Remembering Green features Wenonah, an Ojibwe girl from the Lac Du Flambeau tribe in northern Wisconsin in the early 1900’s during the forced assimilation period of Native American children into the white culture.  It was a dark time in our history for Indigenous people as they were stripped of their native heritage and culture and sent to boarding schools where they were forced to forget everything they knew about their lives as Native Americans.  Wenonah and her Grandfather will discover ways that Wenonah can remember her Ojibwe heritage even though the world is changing for them all.

What people are saying:


School Library Journal (Aug 2020):  K-Gr 3.  Wenonah is a young Ojibwe girl who has run away from the school where they have cut her hair, taken away the clothes her family made for her, forced her to speak English, and even given her a new name-Evelyn. Depicted with the bronze skin color she shares with her great-grandfather, Wenonah is worried she will forget who she is, but he shows her to look around and be reminded of the world she comes from. Each of her senses reminds her how she is connected to the natural beauty of the land. Stilted language feels lifted from a John Wayne movie: "The white man has come and he does not understand our ways. Man fears that which he does not understand. He thinks his ways are best and that our ways are strange, so he seeks to change us." The story is set against a brutal-and here, meticulously researched-era in U.S. history. The artwork in this story is beautiful. The lush color palette and vivid images, done in an Arts and Crafts style, perfectly complement the time period of the early 20th century, when many Indigenous children were forcibly removed from their families and sent to boarding schools. This era is covered thoroughly in the back matter, where there is also a glossary of the Ojibwe words used.

 

Ruth Rosenberg, ambassador  at the NYC National Museum of the American Indian

The gentle words by Lisa Gammon Olson and the beautiful illustrations by Lauren Rutledge tell the story of an Indigenous girl’s escape from a forced residential school and her reunion with her grandfather in the forest. The early French fur traders had named her people Lac Du Flambeau after the torches with which they fished in the lake at night. When the leader of the Ojibwe tribe Chief Keeshkemun led them there from the east in 1745, the waters were cold and pure and they harvested wild rice from the rivers.
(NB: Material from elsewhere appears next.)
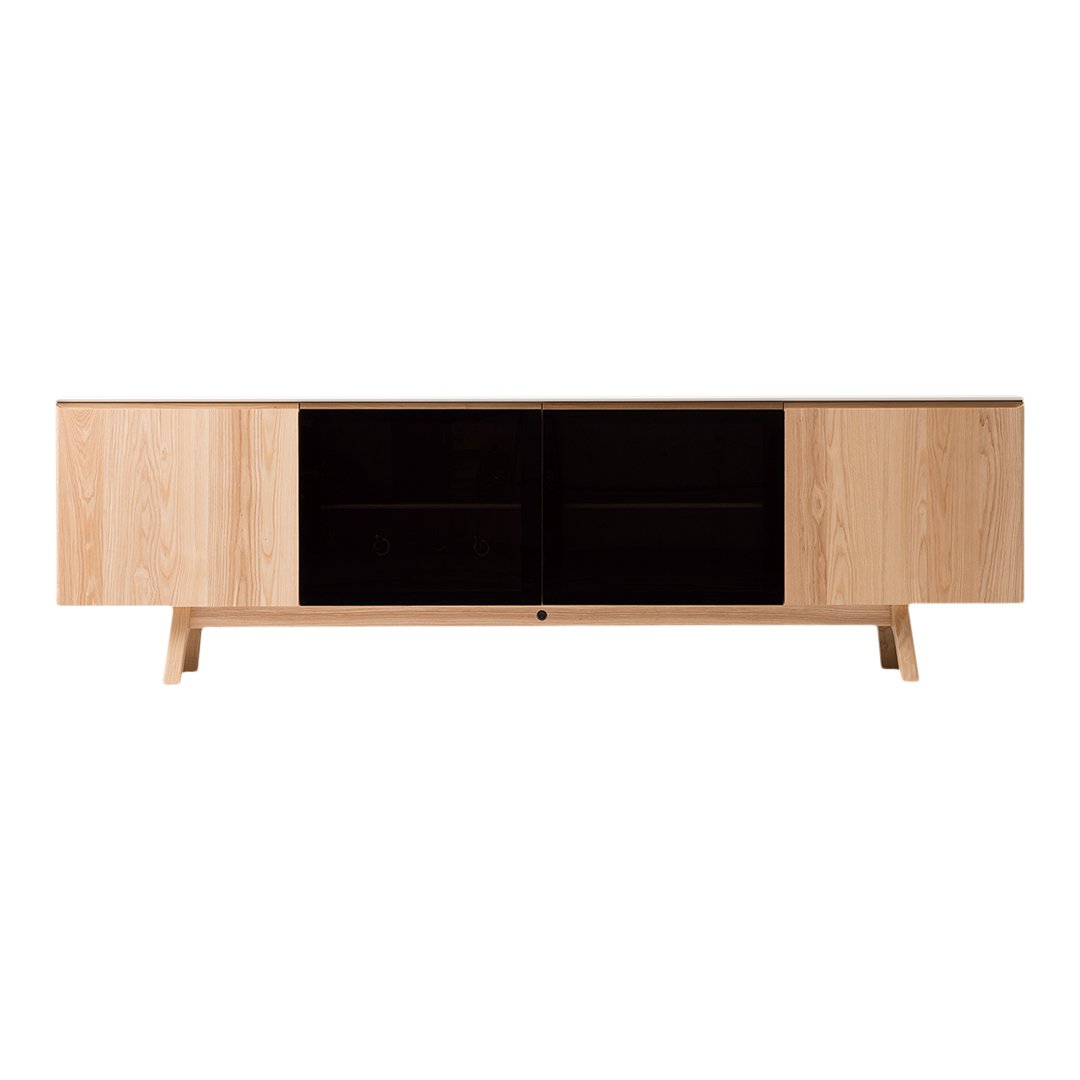 Natural wood finish with light oak doors and sleek black accents. Modern design for a stylish, minimalistic look.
At the turn of the century, after the settlers built factories that  polluted the water and lumbering destroyed the trees, the environment could no longer sustain them. It was then decided that Indian children should be stripped of their culture and “Americanized”. They were abducted from their families and brought to boarding schools, where they were given new names, new clothes,  new shoes and forbidden to speak their own languages.

Because Indigenous languages lack the words for “lumbering” or “mining” or otherwise plundering the environment, it is impossible for them to talk about extracting resources. Because the earth is sacred, one cannot even think such things. The residential schools that forcibly abducted indigenous children imposed such unnatural concepts.

The enchanting pictures in this educational tale show how one girl seeks to retain her traditional values.

In the perfect harmony of words and illustrations, the pictures make the point. The girl, Wenonah, who has run away from school seeks her grandfather in the forest. She sheds the painful shoes that constrict her feet. She wishes she could discard the harsh clothes they made her wear when they took away her soft dress that had been so beautifully beaded. She mourns the long hair they chopped off.   Her re-entry into the natural world from which she had been abducted is told by swirling leaves, small animals, ancient trees, and her sleeping grandfather leaning against an ancient oak on whose forehead rests a white butterfly.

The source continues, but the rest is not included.